AP State Road Transport Corporation (APSTRC), which has incurred Rs. 600 crore of loss in the year 2016, is going to cover the loss by concentrating on generating non-ticket revenue, said Managing Director M. Malakondaiah.
Speaking to mediapersons here on Friday, he said that compared to 2015 the losses have increased by Rs.100 crore. He attributed the loss to drop in occupancy ratio (OR) and also to demonetisation at the end of last year.
According to him, the OR has come down by 0.9 per cent and in East Godavari it was 5 per cent. He said that the corporation is incurring indirect loss like 43 per cent fitment giving to employees (Rs.720 crore) and interest payouts amounting to Rs. 250 crore.

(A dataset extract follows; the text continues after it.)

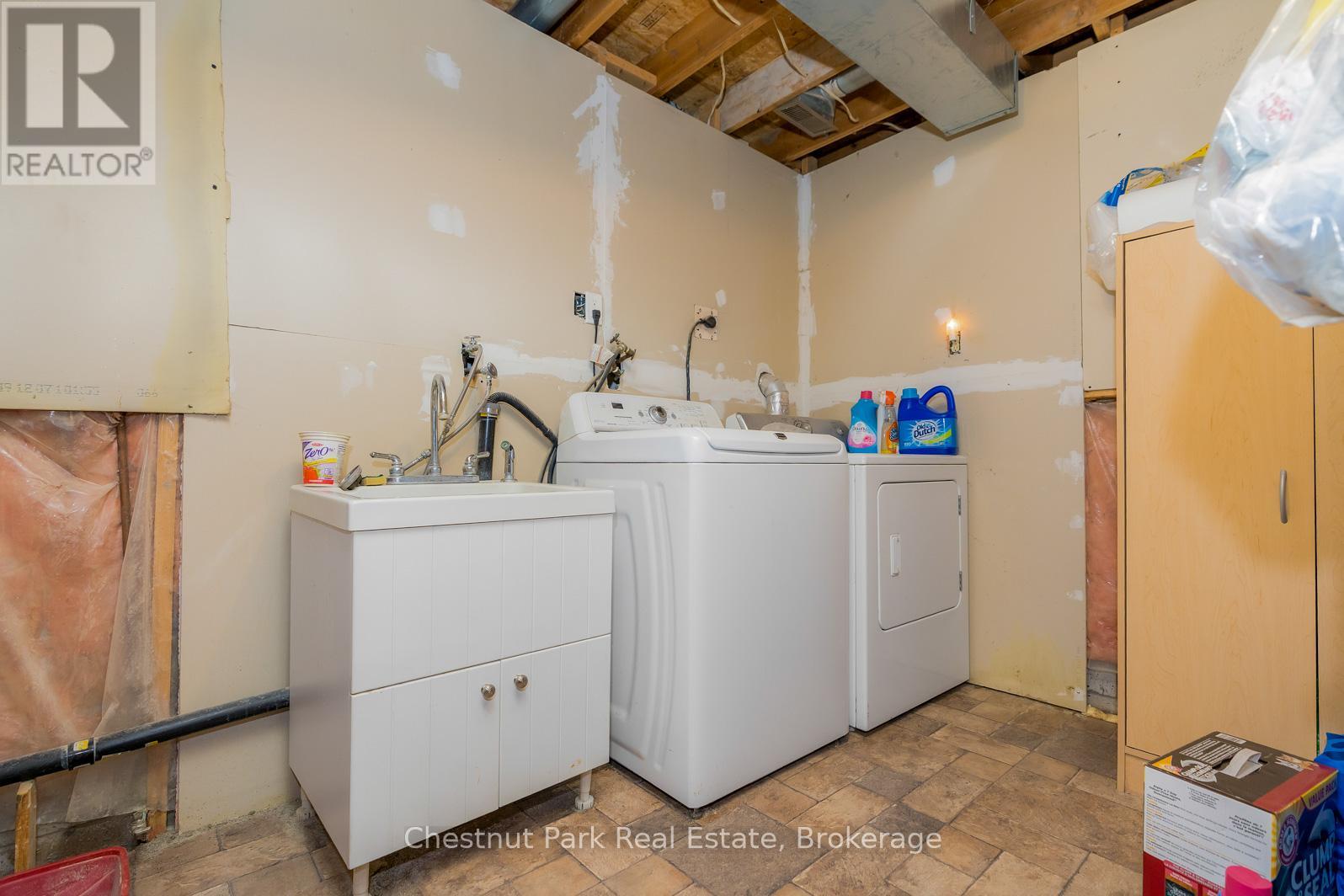 380 Main Street W, Southgate, Ontario  N0C 1B0 - Photo 35 - X12095082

“I feared to join as RTC MD keeping the losses in view. Now, I understood the areas where we can increase revenues and cut the expenditure,” said Mr. Malakondaiah. He said that they want to repay loans and at the same time tap the resources including saving 1 kmpl oil which gives Rs. 35 crore and increasing 1 per cent of OR which fetches Rs. 67 crore. He also said that giving the RTC land for lease for shopping complexes in all the towns and other issues would be considered to generate revenue.
The MD said that they were going to withdraw one third of the old buses and bring 3,000 new buses this year.